School Dances: A Thing of the Past or an Opportunity for Student Development?
MySchoolDance.com aims to revive a tradition for today's kids
by Taylor Buckley
In today’s world, it seems that teenagers are more disconnected than ever. On average, high schoolers spend up to 9 hours connected to digital media ranging from social apps like Facebook and Snapchat, to computers and television. The verdict is still out on the effects of all this screen time, but one thing for sure is that students have less opportunity for face-to-face interactions.
When in school, students spend time learning and studying, sometimes also behind a screen. At home, between extracurricular activities and homework, they are checking Instagram stories and streaming the latest episode of Pretty Little Liars. Most of the time, once kids get to high school, they are not having playdates with a variety of friends.
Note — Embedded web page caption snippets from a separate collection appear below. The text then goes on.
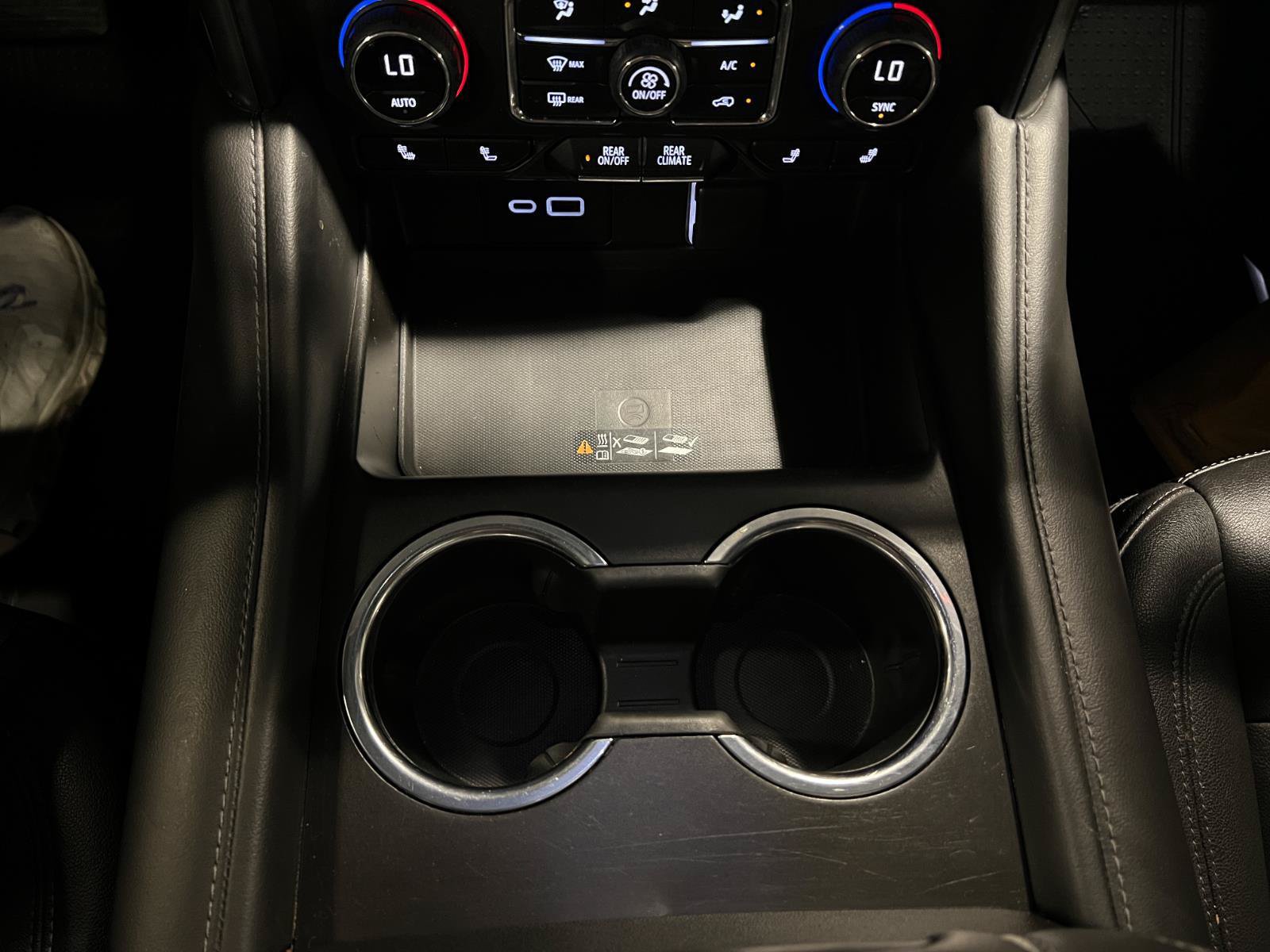 Used 2022 Chevrolet Tahoe Z71 AWD/4WD image 19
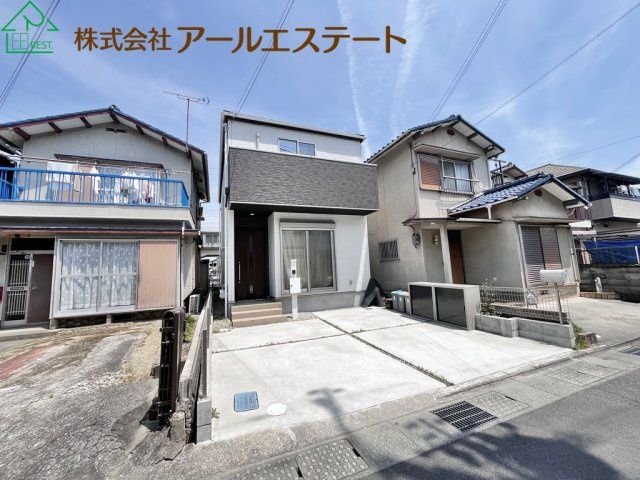4LDK House for Sale in Harima-cho, Hyogo Near Station - Thumbnail 2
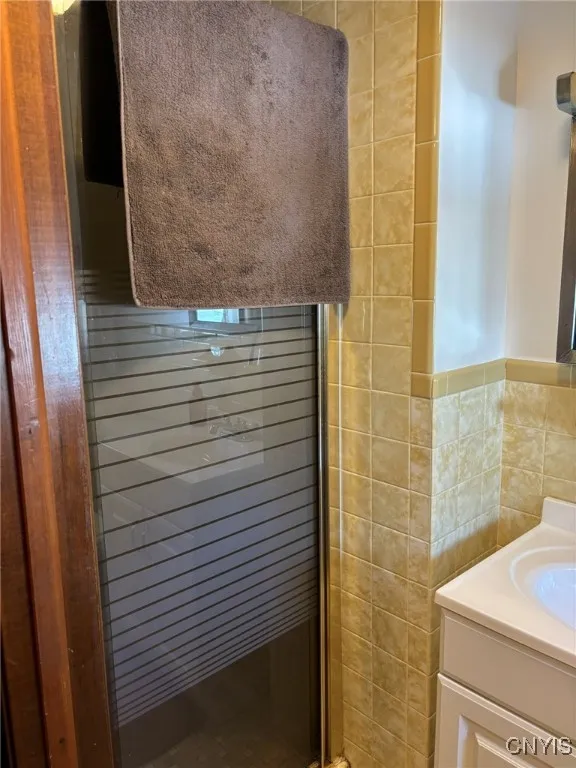 703 Ash Street, Syracuse, New York 13208, Syracuse, New York 13208, 5 Bedrooms Bedrooms, ,2 BathroomsBathrooms,Residential,For Sale,703 Ash Street, Syracuse, New York 13208,0,S1645085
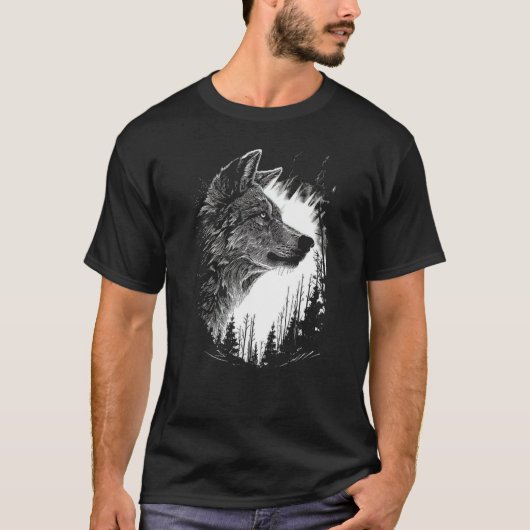 Wilderness Wanderer, Monochrome Wolf in the Night Tシャツ (正面)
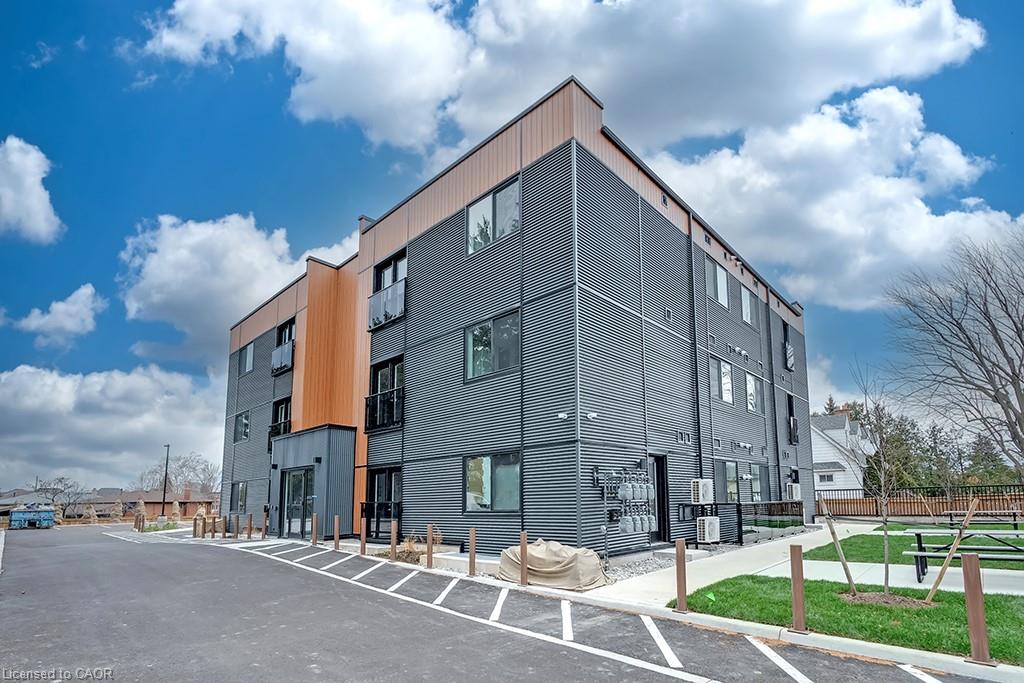 2A - 259 King Street E, Stoney Creek 2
In the past, school dances like homecoming and prom served as a place for social interaction. Students are forced to find a date or group of friends to go with, go to the store and purchase an outfit (although online shopping makes this less so anymore), and have real, sometimes awkward, contact with other kids at the dance.
Recently, school dances have become a thing of the past. Why is that so? Part of it has to do with lack of student interest in actually interacting with others outside of a screen, an issue that needs to be fixed regardless, or we will all be walking around like zombies with no communication skills. Another reason is that teachers and administrators do not want to plan school dances because in the past they have been a lot of work. Finally, with greater parent involvement, schools have come under fire for disciplining students who do not abide by school rules for behavior at these types of events. The combination of decreased student interest, difficulty planning, and greater risks for behavioral challenges, it would seem that the era of the school dance is dying. But, should this continue?
If school dances are dying, why should schools try to bring them back?
- Dances are incredible fundraising opportunities for student activities
- Dances create a greater sense of community within the school and boost morale
- They provide a supervised safe space for students
- Dances create memories that can last beyond school
- School dances force students to spend time interacting with others, developing social skills that will be invaluable to their later success in life
Bringing dances back to life requires a change to how they are run. Currently, dance planning is stuck in the stone age of binders with past information, cash boxes, selling tickets at lunch, and paper permission slips. Neither students nor parents operate like that anymore. Being on their phones for several hours a day, students want to purchase tickets online, and parents want to receive forms to sign via email.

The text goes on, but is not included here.